Parsing a JSON String recursively in a BFS style.
Daniel Marinho
Posted on February 3, 2024
This week I had to face a rather peculiar challenge, not because of the context it was embedded in, but because the insight for solving the problem ended up arising from memories of college days in data structure classes (which made me rethink some fallacies). 😁
Context 📝
Here's the deal: In a bank where message events were stored in JSONB format (Postgres), there were several messages saved as text; basically, a JSON String. The problem is that in this format, you can't take advantage of Postgres to index these messages or perform operations on them as if they were objects, for example:
--- events.data:
--- "{\"user\": { "\name\": \"daniel\", \"age\": \"30ish\" }}"
SELECT data FROM "events" WHERE data->'user'->>'name' = 'daniel';
The scenario above simply won't work because the information that should be JSONB is stored as text. To make matters worse, to make this work, I would have to iterate over this text by applying a "regex" to it, which is a terrible idea:
--- events.data:
--- "{\"user\": { "\name\": \"daniel\", \"age\": \"30ish\" }}"

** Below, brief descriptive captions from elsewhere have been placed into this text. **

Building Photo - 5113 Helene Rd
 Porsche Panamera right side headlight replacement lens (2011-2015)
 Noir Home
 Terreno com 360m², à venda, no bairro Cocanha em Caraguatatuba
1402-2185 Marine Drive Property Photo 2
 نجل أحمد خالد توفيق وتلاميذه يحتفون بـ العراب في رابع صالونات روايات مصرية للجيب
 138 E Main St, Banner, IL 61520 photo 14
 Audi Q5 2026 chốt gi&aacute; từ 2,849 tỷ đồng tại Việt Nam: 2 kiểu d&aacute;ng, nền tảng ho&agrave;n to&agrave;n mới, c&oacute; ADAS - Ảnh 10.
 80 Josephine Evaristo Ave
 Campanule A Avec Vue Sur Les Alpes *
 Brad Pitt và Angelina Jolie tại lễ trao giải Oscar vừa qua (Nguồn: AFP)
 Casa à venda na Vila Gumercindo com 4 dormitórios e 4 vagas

SELECT data FROM "events" WHERE data::TEXT LIKE '%daniel%';
There are millions of complications and flaws in this model that I don't even know where to begin. To make matters worse, there are event records where there were several layers of string escaping, for example:
--- events.data:
--- "{\"user\": { \"name\": \"daniel\", \"age\": \"30ish\", \"address\": \"{ \\\"street\\\": \\\"some avenue\\\", \\\"number\\\": \\\"007\\\", \\\"state\\\": \\\"my precious state\\\" }\" }}"
As you descended another level within the object, more string escapes would exist. 😱
The Pseudo Solution 🐛
At first, the solution I had in mind was simple. I knew I could set up a small JavaScript routine to use JSON decoding natively and get an object in the end:
const jsonString = "{\"user\": { \"name\": \"daniel\", \"age\": \"30ish\", \"address\": \"{ \\\"street\\\": \\\"some avenue\\\", \\\"number\\\": \\\"007\\\", \\\"state\\\": \\\"my precious state\\\" }\" }}";
const jsonObject = JSON.parse(jsonString);
console.log(jsonObject);
/**
*{
* user: {
* "name": "daniel",
* "age": "30ish",
* "address": "{
* \"street\": \"some avenue\",
* \"number\": \"007\",
* \"state\": \"my precious state\"
* }"
* }
*}
**/
Using this approach, I could only solve the problem of the first layer. From the second layer onwards, the data would still not be in the object format I needed. I would have to do the process again, and again for each key, where the value persisted as a string.
Dividing the Problem 🧩
At first, I needed to break this problem into smaller things, starting with converting a string to an object, considering 2 possible scenarios:
The JSON could have undergone only one conversion to String, which would simplify our process to just reversing the method, applying JSON.parse()
.
The JSON could have undergone numerous conversion processes to String, making things a bit more complicated: I would need to convert the string N times until it became an object.
By solving these two problems, I could solve the larger problem (3rd problem) which was to rethink the process of converting a string to an object, iteratively over all the keys of the JSON.
Problem number 1 was already solved. I decided to use the method provided in JavaScript to transform a JSON String into an Object by applying JSON.parse()
. For this, I just needed to make sure that I was converting a string and not trying to apply JSON.parse()
on an object; which would throw an error at runtime.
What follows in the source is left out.